It is really strange, but Zimbob and I were chatting about how we had talked about things recently, and then they have happened. Last night on a wee Dam/Heritage Site(Closed)/ROC post explore, I asked Zimbob if he had upset you, as you had not commented in this thread (as you very kindly have on most of our other threads) I come home tonight, check DP and there is your post. It is just too weird. That is too many to be coincidence.

Zimbob, let's discuss what we would do if we won the lottery.....

Thank you for your support on the great strawberry debate. Are they always that small??



LightBouy said:


> Shame no access was possible to the Control Tower. Good effort though -especially like the shots of the "plane" -doesn't look too aerodynamic though!!
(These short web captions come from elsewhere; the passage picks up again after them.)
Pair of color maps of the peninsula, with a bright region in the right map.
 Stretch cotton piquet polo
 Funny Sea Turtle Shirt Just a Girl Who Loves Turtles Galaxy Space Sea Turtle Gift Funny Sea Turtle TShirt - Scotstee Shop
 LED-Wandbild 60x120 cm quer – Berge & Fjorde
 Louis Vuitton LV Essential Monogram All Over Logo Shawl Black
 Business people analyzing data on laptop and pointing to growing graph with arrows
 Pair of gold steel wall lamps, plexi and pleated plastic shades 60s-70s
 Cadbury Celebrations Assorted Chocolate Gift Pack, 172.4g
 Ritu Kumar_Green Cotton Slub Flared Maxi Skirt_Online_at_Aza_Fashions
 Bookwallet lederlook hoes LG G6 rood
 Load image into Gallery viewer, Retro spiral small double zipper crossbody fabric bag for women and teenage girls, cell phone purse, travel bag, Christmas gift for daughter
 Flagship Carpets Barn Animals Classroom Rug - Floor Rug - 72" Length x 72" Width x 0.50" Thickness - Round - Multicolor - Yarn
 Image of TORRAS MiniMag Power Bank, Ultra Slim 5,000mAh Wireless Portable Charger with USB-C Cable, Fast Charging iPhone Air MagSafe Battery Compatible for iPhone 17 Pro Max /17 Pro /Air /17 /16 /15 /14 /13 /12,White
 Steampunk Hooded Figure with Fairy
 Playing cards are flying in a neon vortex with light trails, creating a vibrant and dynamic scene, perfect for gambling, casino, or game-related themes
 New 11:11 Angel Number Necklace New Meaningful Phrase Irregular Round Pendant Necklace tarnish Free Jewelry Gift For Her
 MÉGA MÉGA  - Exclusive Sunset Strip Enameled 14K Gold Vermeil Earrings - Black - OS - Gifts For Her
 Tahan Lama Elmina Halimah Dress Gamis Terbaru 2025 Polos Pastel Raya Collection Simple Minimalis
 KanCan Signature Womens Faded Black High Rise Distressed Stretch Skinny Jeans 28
The control tower was well sealed, although I have seen much more daunting fences. It is right next to a very popular car-park for dog walkers, and it was too busy to even attempt a closer look. Still, reading up about it they are planning to turn it into a museumy type thing, which I think is rather cool


----------



## Foxylady (Jun 27, 2008)

Bryag said:


> It is really strange, but Zimbob and I were chatting about how we had talked about things recently, and then they have happened. Last night on a wee Dam/Heritage Site(Closed)/ROC post explore, I asked Zimbob if he had upset you, as you had not commented in this thread (as you very kindly have on most of our other threads) I come home tonight, check DP and there is your post. It is just too weird. That is too many to be coincidence.



Ah, I've missed a lot of threads recently because I've been too unwell to do more than look at a few on the home page. No-one's upset me, honest, but I do like the way you thought it was Zimbob that did!  



Bryag said:


> Thank you for your support on the great strawberry debate. Are they always that small??



Yes, they are. There's a fantastic meadow up on the cliffs near to me that's absolutely full of them. I think I've even got a pic of it on DP in the off-topic forum about Goat Island, which is an amazing place.


----------



## Bryag (Jun 28, 2008)

Foxylady said:


> Ah, I've missed a lot of threads recently because I've been too unwell to do more than look at a few on the home page.



I am sorry to hear that, Foxy. I hope you are feeling much better now?



Foxylady said:


> No-one's upset me, honest, but I do like the way you thought it was Zimbob that did!



Well it couldn't have been me, I am far too charming



Foxylady said:


> Yes, they are. There's a fantastic meadow up on the cliffs near to me that's absolutely full of them. I think I've even got a pic of it on DP in the off-topic forum about Goat Island, which is an amazing place.



I will have a look for that now


----------



## zimbob (Jun 28, 2008)

Bryag said:


> Well it couldn't have been me, I am far too charming


----------



## Foxylady (Jun 28, 2008)

Bryag said:


> I am sorry to hear that, Foxy. I hope you are feeling much better now?



It's an on-going thing unfortunately, but I am feeling much better recently, thanks. 



zimbob said:


>


----------



## fender100 (Jan 12, 2009)

*Greenham Common*

Check out my website on RAF Greenham Common;

www.greenham.greatnow.com


----------



## wearethemoos (Aug 9, 2009)

This is another site my dad patrolled during it's existence. He was there on day 1 when they started putting the fences up to make the place and was often back on detatched duties when there were protests and such on.


----------